§ **What to produce**:
Below are records with pictures. Transcribe exactly, and only, the lines from the line with "50pcs Blue Roses" to the line with "David Yurman Pearl Diamond Ring - Size 6", both ends included, but not the pictures.

§ **Input data**:
——

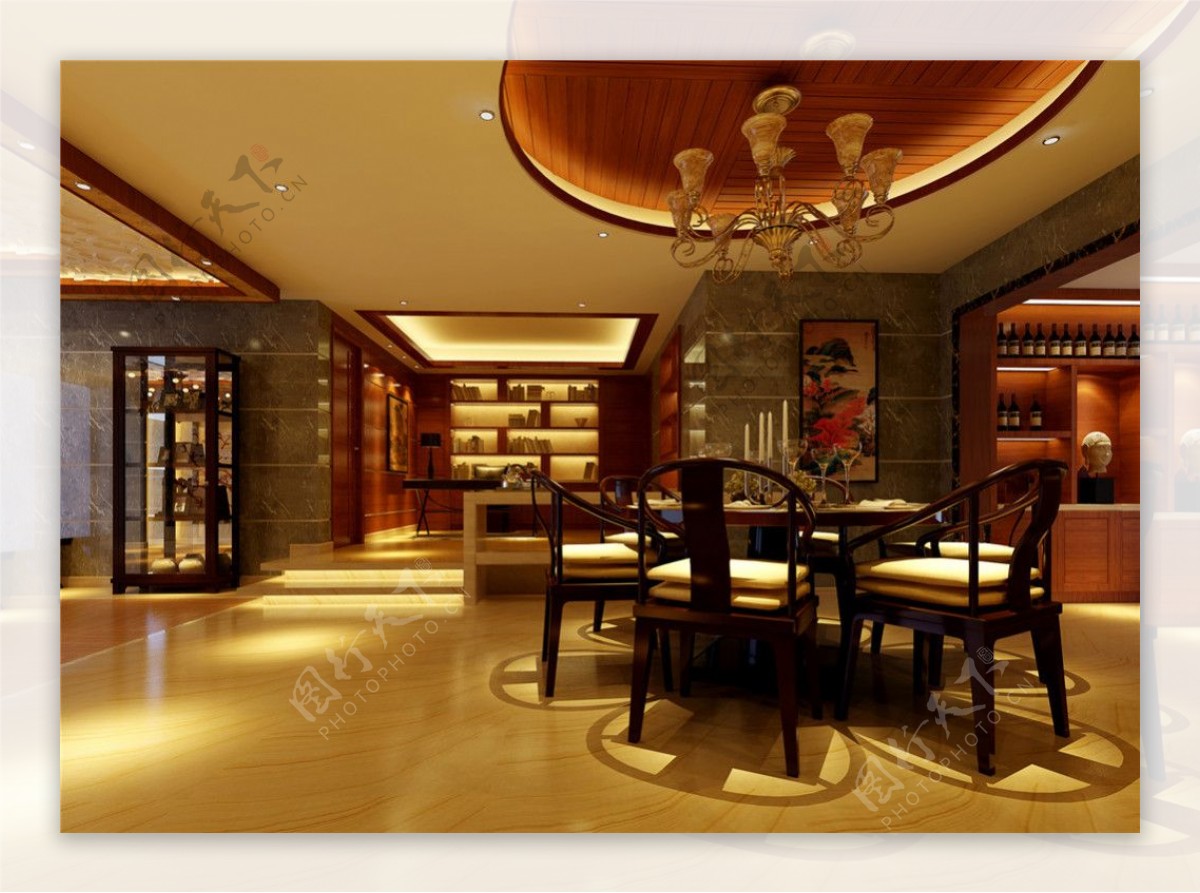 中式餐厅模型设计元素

——

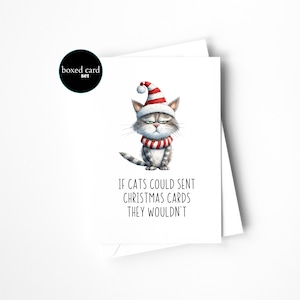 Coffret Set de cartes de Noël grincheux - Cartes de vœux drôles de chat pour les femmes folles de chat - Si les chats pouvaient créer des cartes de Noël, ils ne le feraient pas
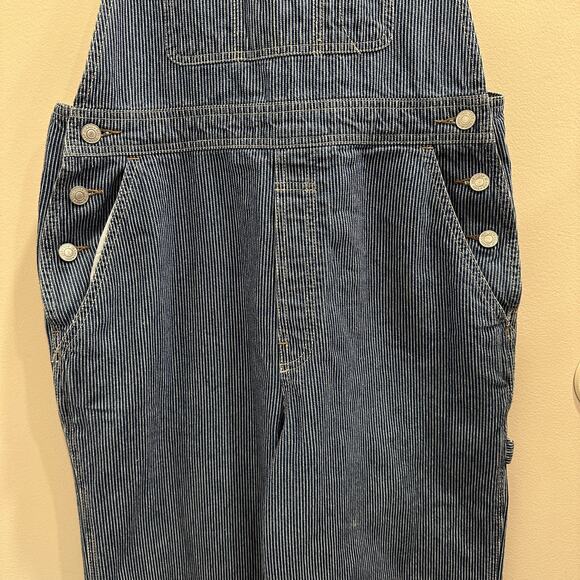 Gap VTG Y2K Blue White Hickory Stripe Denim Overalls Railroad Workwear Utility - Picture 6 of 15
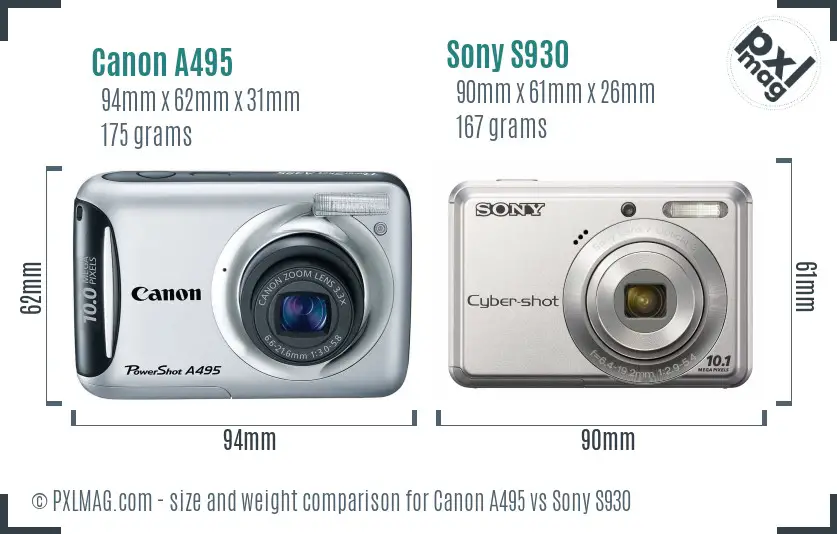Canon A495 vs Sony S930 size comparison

——

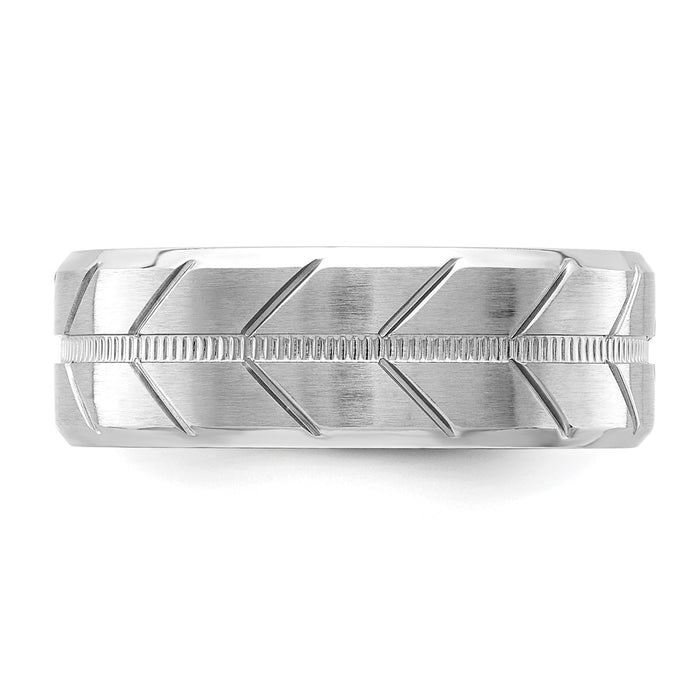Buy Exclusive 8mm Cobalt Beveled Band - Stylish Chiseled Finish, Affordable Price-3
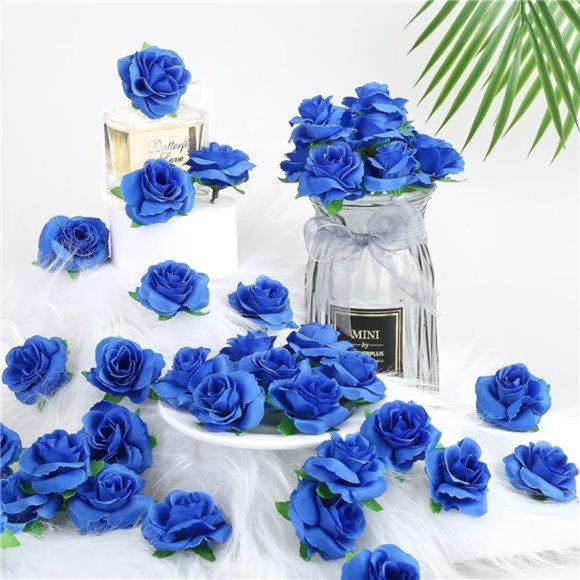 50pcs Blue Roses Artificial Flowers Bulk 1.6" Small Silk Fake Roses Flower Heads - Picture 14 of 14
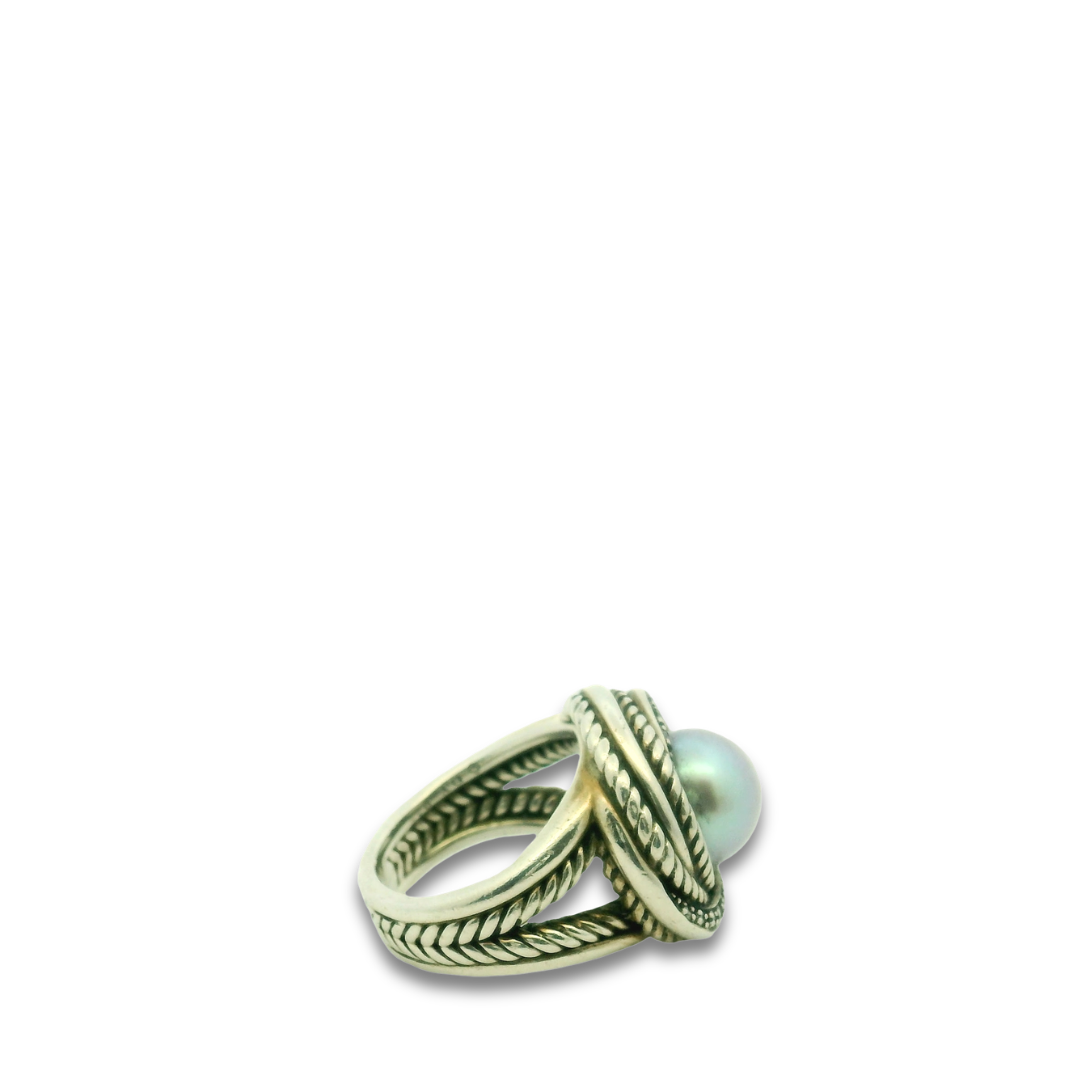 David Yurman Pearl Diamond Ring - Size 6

——

§ **Output below**:
 50pcs Blue Roses Artificial Flowers Bulk 1.6" Small Silk Fake Roses Flower Heads - Picture 14 of 14
 David Yurman Pearl Diamond Ring - Size 6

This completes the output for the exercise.